Contamination of heavy and trace metals such as mercury can also be problematic for humans and other aquatic species (Primavera 2006; Martinez-Porchas and Martinez-Cordova 2012; Burridge et al. 2008). Metals such as Copper and Zinc have been found in above normal concentrations near salmon aquaculture sites, either from copper-based antifouling paints or in feed (Burridge et al. 2008). Copper and Zinc are not typically high enough in concentration to impacts humans, however, they can be toxic to various aquatic organisms depending on bioavailability and speciation (Burridge et al. 2008). Other metals such as notorious contaminant and bioaccumulatant mercury, as well as cadmium, PCBs (polychlorinated biphenyls), lead, and silver may pose threats to humans as well as other non-target species in the aquatic food web (Burridge et al. 2008).

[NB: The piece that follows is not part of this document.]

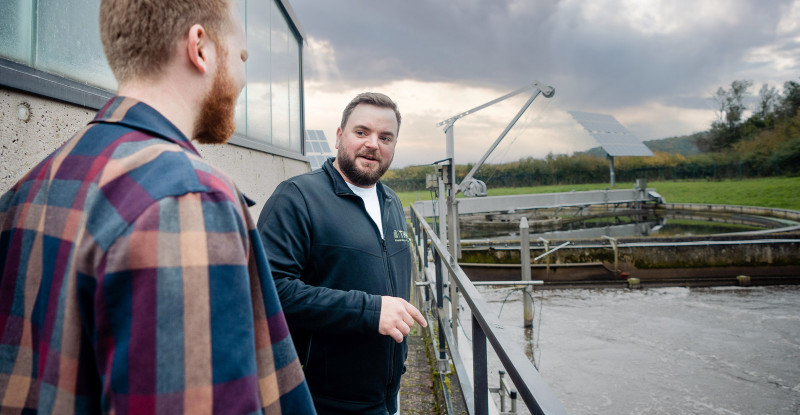 Die Algenforschung ist schon sehr alt, erklärt der Doktorand Nils Hasport von der Technischen Hochschule Mittelhessen.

The key take away of these two posts is to be more informed about the food (specifically seafood in this case) you are eating. Though impacts on human health are often the most pertinent to humans, negative impacts on other aquatic and terrestrial species, as well as impacts on ecosystems can have a significant negative indirect impact on humans in various ways. The biggest concerns from farmed fish are from antibiotics and metal contamination. Being that a significant portion of these foods are imported, they do not have the same regulatory standards as in the United States or other countries with more stringent regulations. Additionally, given the volume of imported fish and seafood, a vast majority are not tested for contamination before they are sold. It is important to not that a single exposure is not as likely to cause harm as continuous exposure over time, such as eating fish or seafood 2-4 times a month for a period of 3-8 years. Aquaculture is not bad, but it can be practiced in a more environmentally benign, efficient manner. Below you will find a brief list of fish and seafood to avoid, as well as suggestions to eat. For more information please take a look at what vildmarket posted in a recent comment, fish and seafood to eat and avoid. (Authors Note: In the near future genetically modified salmon will be on the market, whether or not it will be labeled is still unknown.)
Fish and Seafood to Avoid!
Atlantic Salmon (All of it is farmed, fish have to be fed pink dye because they do not receive the diet/nutrients that allow them to develop their signature color naturally)
Imported Farmed Shrimp
Atlantic Bluefin Tuna
Tilapia (Primarily farmed in Asia, however consider avoiding all together)
Imported Catfish (including Swai and Basa)
Atlantic Cod (Overfished)
Fish and Seafood to Eat!
Wild Salmon
Farmed Mussels
Domestic Shrimp
Pacific Cod
Pacific Halibut
Sources:
Burridge, L., Weis, J., Cabello, F., and J. Pizarro. 2008. “Chemical use in salmon aquaculture: a review of current practices and possible environmental effects.” World Wildlife Foundation.
Martinez-Porchas, M. and L.R. Martinez-Cordova. 2012. “World aquaculture: environmental impacts and troubleshooting alternatives.” The Scientific World Journal.
Primavera, J.H. 2006. “Overcoming the impacts of aquaculture on the coastal zone.” Journal of Ocean & Coastal Management. 49: 531-545.
Were you aware of the environmental and health impacts of aquaculture? What determines how you purchase your fish and seafood?